Shoshana Levy is a lawyer in International Criminal Law and International Humanitarian law, expert on transitional justice and on Colombia’s transition to peace. The opinions expressed in this article are solely her own.

The Special Jurisdiction for Peace (SJP), Colombia’s transitional tribunal was set up to prosecute the perpetrators of crimes committed during the armed conflict between the FARC-EP guerilla and the Colombian government. Its slow pace is raising skepticism among some sectors of Colombian society. Almost three years after its official creation, the SJP has not yet handed down its first sentence. In a deeply polarized sociopolitical context, Colombian President Iván Duque has repeatedly expressed ardent criticism regarding the pace of the SJP, declaring that it “can no longer provide excuses for not acting with greater speed”. But given its mandate and the immense scope of its jurisdiction, is the SJP’s work actually slow?
The widest temporal jurisdiction for a transitional criminal tribunal
The SJP has jurisdiction over the serious Human Rights and International Humanitarian Law violations committed prior to the signing of the Peace Agreement in December 2016 and in the context of the armed conflict in Colombia. The war was one of the longest-lasting contemporary armed conflicts to date.

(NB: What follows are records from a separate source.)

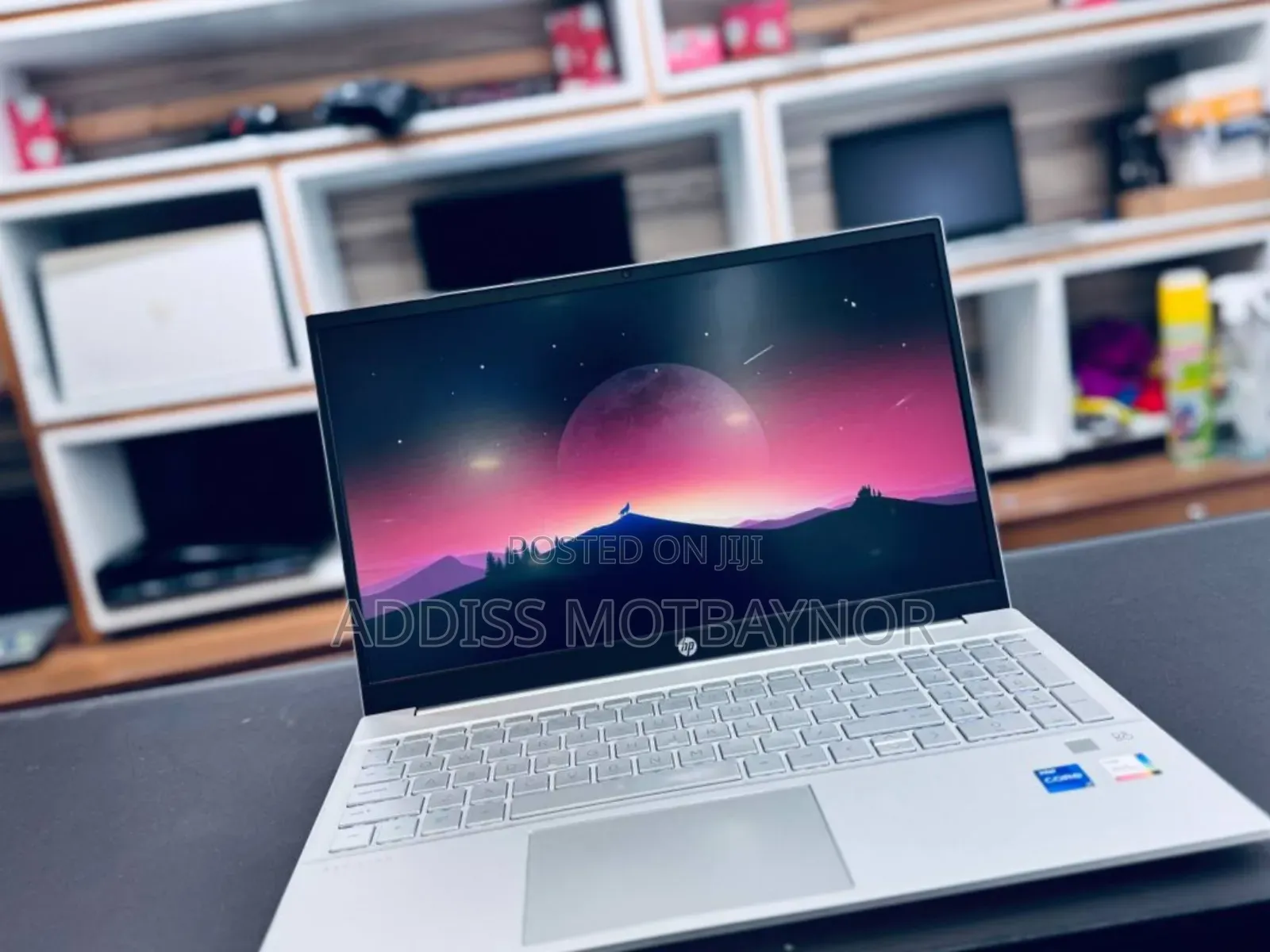 New Laptop HP Pavilion 15 16GB Intel Core I7 SSD 512GB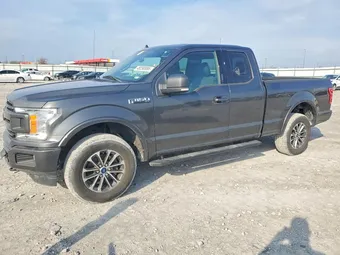 2020 Ford F-150 1FTEX1EP1LKE15625 Lot 48290886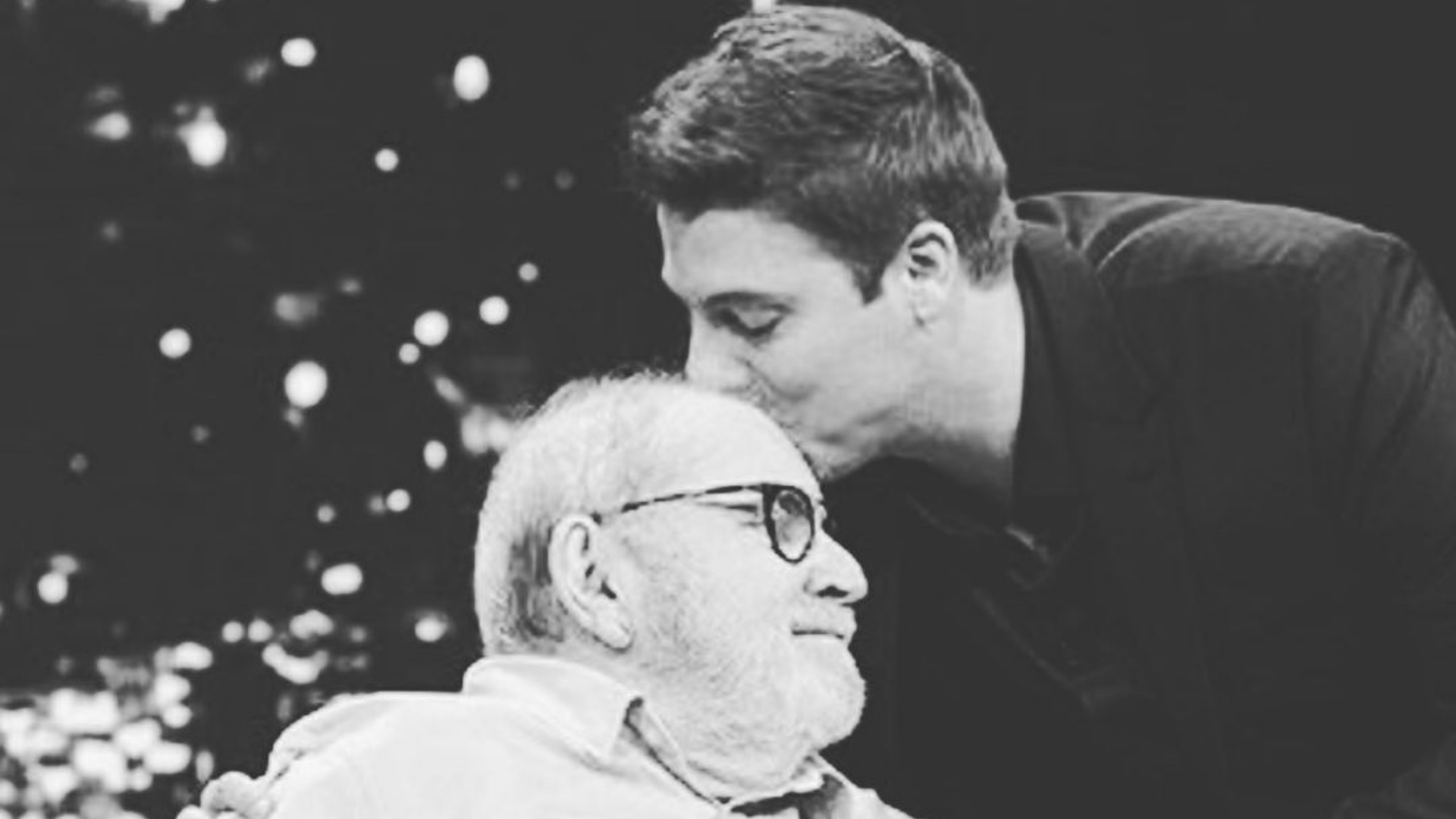 Revelado no Programa do Jô, Fabio Porchat agradece a importância do humorista em sua vida: ”Obrigado por ter me dado a chance”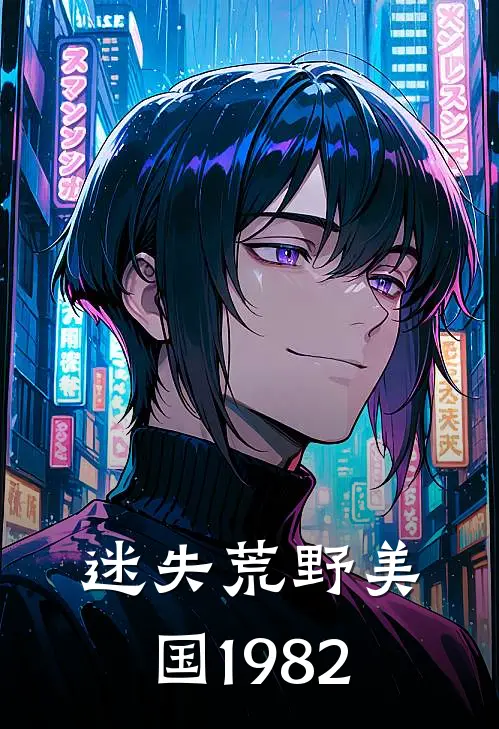 迷失荒野美国1982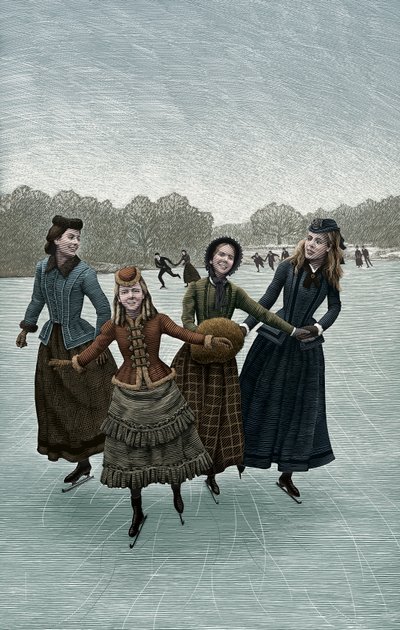 Little Women von Scott McKowen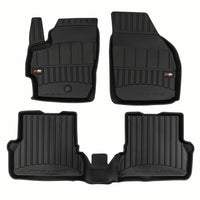 Covorase auto tip tavita Mazda 3 I, an fabricatie 10.2003 - 04.2009, caroserie sedan | 3D433410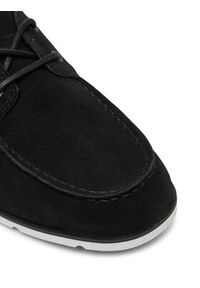 Timberland Mokasyny Grafton Bay TB0A42X7EK41 Czarny. Kolor: czarny. Materiał: skóra, zamsz #5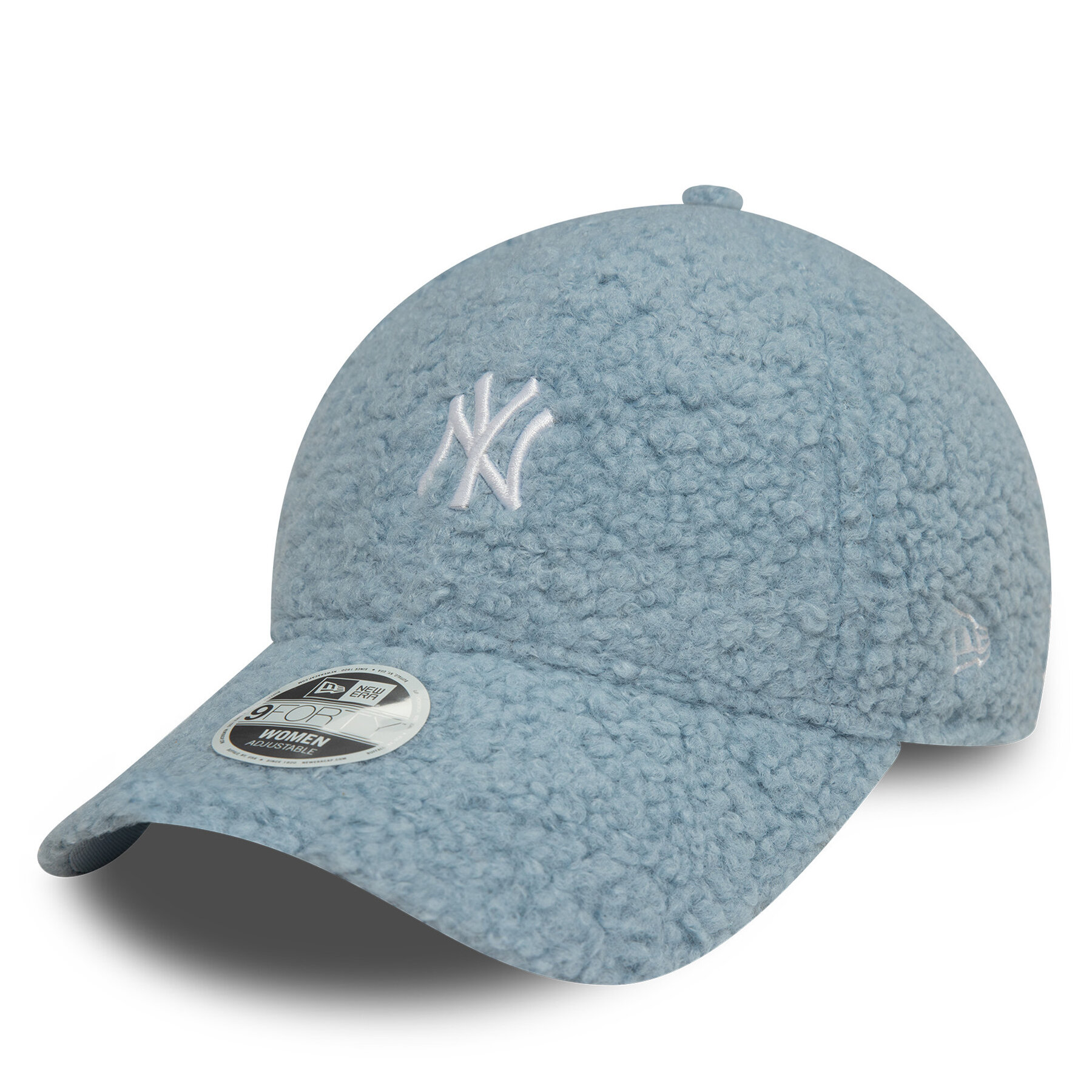 Cap New Era Borg New York Yankees 9FORTY 60580743 Himmelblau Cap New Era Borg New York Yankees 9FORTY 60580743 Himmelblau von new era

The outbreak of violence in Colombia was reported in 1948, while the official creation of the FARC-EP guerrilla dates back to 1964. With a temporal jurisdiction covering over half a century of internal armed conflict, this transitional tribunal has by far the most ambitious scope of all courts with similar mandates. In comparison, the International Criminal Tribunal for the Former Yugoslavia (ICTY) was set up in 1993 and covered crimes committed since 1991. As for the International Criminal Tribunal for Rwanda (ICTR), it only examined the crimes committed during the year of the genocide in 1994. Likewise, the Special Court for Sierra Leone (SCSL) had a one-year temporal jurisdiction, and the Extraordinary Chambers in the Courts of Cambodia (ECCC) covered violations committed during the two-and-a-half-year period of Democratic Kampuchea.
In addition, the Special Jurisdiction for Peace does not solely aim to establish individual criminal responsibility. Rather, it seeks to interrogate large numbers of violations and their context, in order to shed light on the patterns of behavior and internal policies of both the FARC-EP and the Colombian military and identify the circumstances that promoted or facilitated them. It is the first time that such a deep and broad analysis has been carried out by the Colombian judiciary, allowing contextual elements to be legally characterized. As a result, “crimes against humanity” and “war crimes” can be named as such, and their perpetrators prosecuted correspondingly.
The SJP has opened seven “macro cases” which, instead of focusing on one specific perpetrator, deal with reiterated patterns of conduct, including kidnappings committed by the FARC-EP (macro case 01), extrajudicial killings and forced disappearances committed by public forces (case 03), recruitment and use of child soldiers (macro case 07), and a range of violations committed in specific regions particularly affected by the armed conflict. As of January 2020, the Jurisdiction declared having examined over 60,000 criminal facts within these macro cases.
A transitional tribunal set up to deliver innovative restorative justice
All international criminal tribunals established so far have relied on retributive grounds, where victims’ participation and right to redress were minor. The Peace Agreement signed by the FARC-EP and the Colombian Government on 1 December 2016, one of the most comprehensive peace agreements worldwide, provides for the “centrality of the rights of the victims”. The SJP created by the Peace Agreement is thus fundamentally different from other international criminal tribunals and courts established thus far, as its end is primarily restorative.